What is being asked:
Check each line of the data below for the word "Model". How many lines have it? Answer with the number alone.

Material shown:
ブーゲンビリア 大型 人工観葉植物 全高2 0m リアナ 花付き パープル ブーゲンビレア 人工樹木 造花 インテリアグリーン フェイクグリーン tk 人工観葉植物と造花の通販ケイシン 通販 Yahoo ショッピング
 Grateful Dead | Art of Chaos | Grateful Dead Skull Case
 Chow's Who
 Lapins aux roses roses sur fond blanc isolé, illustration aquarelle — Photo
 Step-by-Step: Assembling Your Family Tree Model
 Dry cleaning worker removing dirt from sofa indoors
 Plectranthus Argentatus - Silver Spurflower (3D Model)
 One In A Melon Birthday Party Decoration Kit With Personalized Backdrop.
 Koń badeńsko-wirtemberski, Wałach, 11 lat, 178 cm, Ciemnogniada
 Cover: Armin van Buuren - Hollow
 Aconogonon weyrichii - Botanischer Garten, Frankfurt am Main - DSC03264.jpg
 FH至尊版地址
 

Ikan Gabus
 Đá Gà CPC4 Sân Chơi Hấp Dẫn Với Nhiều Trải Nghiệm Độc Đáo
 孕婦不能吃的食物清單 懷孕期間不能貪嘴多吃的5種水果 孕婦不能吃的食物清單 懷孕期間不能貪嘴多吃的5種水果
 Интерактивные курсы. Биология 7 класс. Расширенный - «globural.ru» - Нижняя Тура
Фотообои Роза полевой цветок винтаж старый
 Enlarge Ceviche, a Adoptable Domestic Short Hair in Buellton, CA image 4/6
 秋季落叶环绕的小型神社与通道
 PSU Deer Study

Answer area:
2